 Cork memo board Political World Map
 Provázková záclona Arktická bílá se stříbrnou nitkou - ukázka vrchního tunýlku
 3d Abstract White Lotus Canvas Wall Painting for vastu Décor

•••••

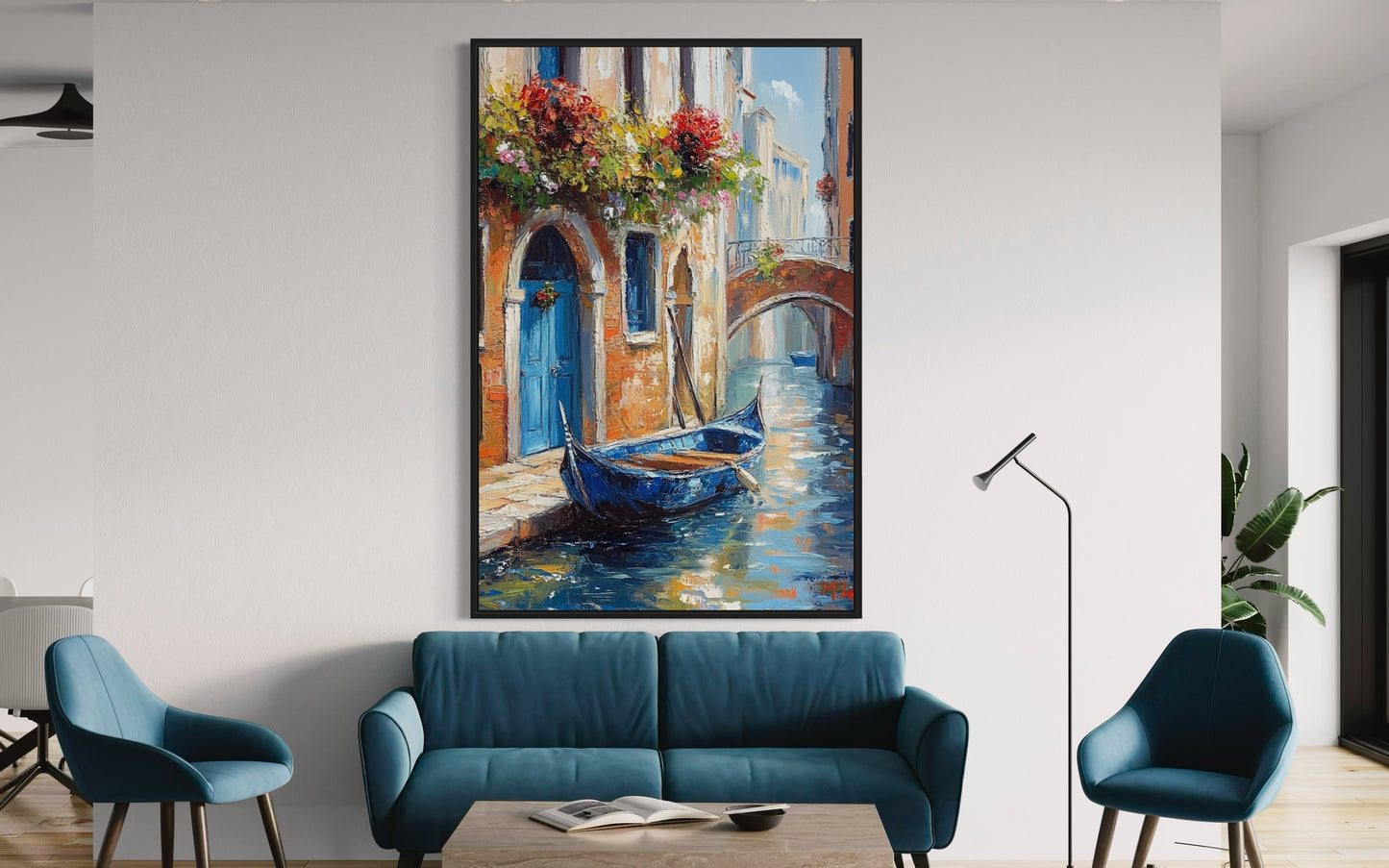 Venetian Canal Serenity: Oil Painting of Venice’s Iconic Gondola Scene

•••••

# Exercise details
Return, unchanged, the run of lines above that opens with the line containing "Provázková záclona Arktická" and closes with the line containing "3d Abstract White". Include both.

# Response
 Provázková záclona Arktická bílá se stříbrnou nitkou - ukázka vrchního tunýlku
 3d Abstract White Lotus Canvas Wall Painting for vastu Décor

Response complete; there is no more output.